1. Prior Art Review—Bitumen EOR

2.1 SAGD

In the early days of steam EOR, the focus was on heavy oil (not bitumen) and two process types, using vertical well geometry—steam floods (SF), where a steam injector would heat and drive oil to a producer well (California heavy oil EOR used this process) and cyclic steam simulation (CCS); where, using a single vertical well, steam was injected, often at pressures that fractured the reservoir. This was followed by a soak period to allow oil time to be heated by conduction and then a production cycle (Cold Lake, Alberta oil is recovered using this process).

But, compared to these processes and heavy oil, bitumen causes some difficulties. At reservoir conditions, bitumen viscosity is large (>100,000 cp.), bitumen will not flow and gas/steam injectivity is very poor or near zero. Vertical well geometry will not easily work for bitumen EOR. We need a new geometry with short paths for bitumen recovery and a method to start-up the process so we can inject steam to heat bitumen.

In the 1970-1980's using new technology to directionally drill wells and position the wells accurately, it became possible to drill horizontal wells for short-path geometry. Also, in the early 1970's, Dr. Roger Butler invented the SAGD process, using horizontal wells to recover bitumen (Butler (1991)). FIG. 1 shows the basic SAGD geometry using twin parallel horizontal wells with a separation of about 5 m, with the lower horizontal well near the reservoir bottom (about 2 to 8 m. above the floor), and with a pattern length of about 500 to 1000 m. The SAGD process is started by circulating steam until the horizontal well pair can communicate and form a steam (gas) chamber containing both wells. FIG. 17 shows how the process works. Steam is injected through the upper horizontal well and rises into the steam chamber. The steam condenses at/near the cool chamber walls (the bitumen interface) and releases latent heat to the bitumen and the matrix rock. Hot bitumen and condensed steam drain by gravity to the lower horizontal production well and are pumped (or conveyed) to the surface. FIG. 18 shows how SAGD matures—A young steam chamber has oil drainage from steep sides and from the chamber top. When the chamber grows and hits the ceiling (top of the net pay zone), drainage from the chamber top ceases and the sides become flatter, so bitumen drainage slows down.

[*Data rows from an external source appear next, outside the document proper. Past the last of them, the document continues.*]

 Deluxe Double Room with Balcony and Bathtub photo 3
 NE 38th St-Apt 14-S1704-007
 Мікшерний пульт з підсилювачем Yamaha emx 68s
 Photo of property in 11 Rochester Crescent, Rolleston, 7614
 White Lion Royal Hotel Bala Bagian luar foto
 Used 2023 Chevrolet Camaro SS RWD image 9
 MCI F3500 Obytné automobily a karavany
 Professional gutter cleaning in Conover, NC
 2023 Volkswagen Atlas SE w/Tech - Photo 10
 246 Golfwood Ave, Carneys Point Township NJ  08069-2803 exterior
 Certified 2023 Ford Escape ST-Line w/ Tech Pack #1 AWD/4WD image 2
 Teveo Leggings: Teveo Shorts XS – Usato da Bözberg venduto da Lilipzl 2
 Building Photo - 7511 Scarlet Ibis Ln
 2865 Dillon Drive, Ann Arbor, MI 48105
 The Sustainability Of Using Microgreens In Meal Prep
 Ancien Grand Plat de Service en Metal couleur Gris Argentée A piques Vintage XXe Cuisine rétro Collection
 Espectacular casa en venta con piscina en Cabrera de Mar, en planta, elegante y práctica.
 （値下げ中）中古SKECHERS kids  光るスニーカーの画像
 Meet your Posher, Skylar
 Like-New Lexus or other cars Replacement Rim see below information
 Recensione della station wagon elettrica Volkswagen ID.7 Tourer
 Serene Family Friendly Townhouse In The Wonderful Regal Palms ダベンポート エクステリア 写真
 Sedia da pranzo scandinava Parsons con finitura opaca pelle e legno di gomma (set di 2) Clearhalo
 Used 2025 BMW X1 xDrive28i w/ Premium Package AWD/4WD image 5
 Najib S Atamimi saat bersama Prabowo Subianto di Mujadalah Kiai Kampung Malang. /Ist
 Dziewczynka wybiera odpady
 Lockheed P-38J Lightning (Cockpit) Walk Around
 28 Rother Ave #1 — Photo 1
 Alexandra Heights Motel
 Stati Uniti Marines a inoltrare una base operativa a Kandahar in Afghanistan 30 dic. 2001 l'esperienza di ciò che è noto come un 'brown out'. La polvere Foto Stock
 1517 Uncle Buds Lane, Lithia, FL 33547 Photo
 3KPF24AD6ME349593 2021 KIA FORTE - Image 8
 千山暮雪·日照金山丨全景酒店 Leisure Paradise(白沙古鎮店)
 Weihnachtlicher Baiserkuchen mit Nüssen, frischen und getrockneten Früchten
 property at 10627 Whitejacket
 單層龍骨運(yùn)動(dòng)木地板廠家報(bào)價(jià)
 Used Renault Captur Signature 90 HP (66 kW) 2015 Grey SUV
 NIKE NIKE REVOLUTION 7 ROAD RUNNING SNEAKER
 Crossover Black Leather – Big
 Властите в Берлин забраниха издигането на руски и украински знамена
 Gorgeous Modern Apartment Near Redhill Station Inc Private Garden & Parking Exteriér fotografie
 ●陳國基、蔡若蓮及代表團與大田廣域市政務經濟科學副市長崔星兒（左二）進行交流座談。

Steam injection (i.e. energy injection) is controlled by pressure targets, but there also may be a hydraulic limit. The steam/water interface is controlled to be between the steam injector and the horizontal production well. But when fluids move along the production well there is a natural pressure drop that will tilt the water/steam interface (FIG. 13). If the interface floods the steam injector, we reduce the effective length. If the interface hits the producer, we short circuit the process and produce some live steam, reducing process efficiency. With typical tubulars/pipes, this can limit well lengths to about 1000 m.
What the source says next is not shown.